Shara Tibken Roger Cheng (CNET News) 翻訳校正: 川村インターナショナル2017年01月24日 14時08分

 サムスンは、Galaxy Note7の調査に別のアプローチで臨んだ。人海戦術だ。スマートフォンの製造拠点である韓国の亀尾市、ベトナムのハノイ、中国の恵州と天津にテスト施設を建造。この4カ所をあわせると、バッテリを取り付けたGalaxy Note7端末が20万台以上、バッテリ単体が3万個以上テストされている。モバイル部門から700人以上のエンジニアがこのテストプロセスに専属で配置された(サムスンのエンジニアは全社で7万人を超えるが、各部署に分散している)。
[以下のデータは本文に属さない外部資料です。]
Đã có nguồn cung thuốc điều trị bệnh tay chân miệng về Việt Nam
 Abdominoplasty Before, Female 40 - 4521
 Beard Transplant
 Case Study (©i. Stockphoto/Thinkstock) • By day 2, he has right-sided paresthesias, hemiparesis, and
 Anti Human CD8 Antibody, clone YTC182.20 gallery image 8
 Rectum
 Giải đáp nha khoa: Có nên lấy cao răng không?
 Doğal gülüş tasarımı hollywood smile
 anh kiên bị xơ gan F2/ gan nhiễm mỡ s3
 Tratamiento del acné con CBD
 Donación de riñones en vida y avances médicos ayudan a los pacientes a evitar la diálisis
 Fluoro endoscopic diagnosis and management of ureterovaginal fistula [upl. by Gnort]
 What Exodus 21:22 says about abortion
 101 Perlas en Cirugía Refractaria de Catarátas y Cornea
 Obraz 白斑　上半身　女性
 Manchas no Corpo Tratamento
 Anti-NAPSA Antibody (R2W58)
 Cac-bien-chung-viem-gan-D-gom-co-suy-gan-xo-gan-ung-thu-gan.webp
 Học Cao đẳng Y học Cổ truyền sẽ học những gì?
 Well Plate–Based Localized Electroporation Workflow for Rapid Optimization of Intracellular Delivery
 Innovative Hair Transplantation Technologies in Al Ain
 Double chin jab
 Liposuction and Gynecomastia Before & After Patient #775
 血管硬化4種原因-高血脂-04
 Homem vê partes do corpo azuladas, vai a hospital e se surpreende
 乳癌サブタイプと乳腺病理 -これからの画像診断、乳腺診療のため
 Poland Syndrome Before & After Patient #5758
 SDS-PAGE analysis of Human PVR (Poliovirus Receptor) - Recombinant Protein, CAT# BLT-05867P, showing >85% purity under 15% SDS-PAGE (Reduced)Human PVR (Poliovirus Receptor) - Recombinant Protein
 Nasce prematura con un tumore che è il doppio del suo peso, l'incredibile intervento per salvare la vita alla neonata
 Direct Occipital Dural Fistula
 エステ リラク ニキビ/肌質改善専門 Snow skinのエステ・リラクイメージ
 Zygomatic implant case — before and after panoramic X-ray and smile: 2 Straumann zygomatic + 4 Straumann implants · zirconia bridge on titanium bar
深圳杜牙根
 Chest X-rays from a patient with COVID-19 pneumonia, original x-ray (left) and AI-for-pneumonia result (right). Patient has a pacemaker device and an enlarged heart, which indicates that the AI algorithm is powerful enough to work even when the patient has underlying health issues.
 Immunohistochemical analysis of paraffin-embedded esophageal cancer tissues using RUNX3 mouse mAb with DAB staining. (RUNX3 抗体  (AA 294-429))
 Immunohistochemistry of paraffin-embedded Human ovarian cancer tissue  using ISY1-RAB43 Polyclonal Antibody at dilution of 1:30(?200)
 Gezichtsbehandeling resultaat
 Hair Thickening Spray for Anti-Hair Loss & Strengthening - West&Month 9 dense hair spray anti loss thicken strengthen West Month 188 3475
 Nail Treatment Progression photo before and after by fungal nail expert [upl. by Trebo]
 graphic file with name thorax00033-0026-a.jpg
 エンジニアらはソフトウェア、ハードウェア、製造プロセス、品質保証テスト、サプライチェーンについて調べた。虹彩スキャナやソフトウェアのアルゴリズムが過熱の原因なのか、それともデバイスの高速充電機能が影響しているのかが調査された。

 最初は空振りだった。「この段階では、ハードウェアにもソフトウェアにも、またプロセスやロジスティクスにも、原因らしきものは見当たらなかった」。Denison氏はこのように語る。

 そこでサムスンは、バッテリ自体に注目する。テストプロセスを通じてずっと、デバイスに装着した状態でも単体でも、バッテリを過熱させることはできていたからだ。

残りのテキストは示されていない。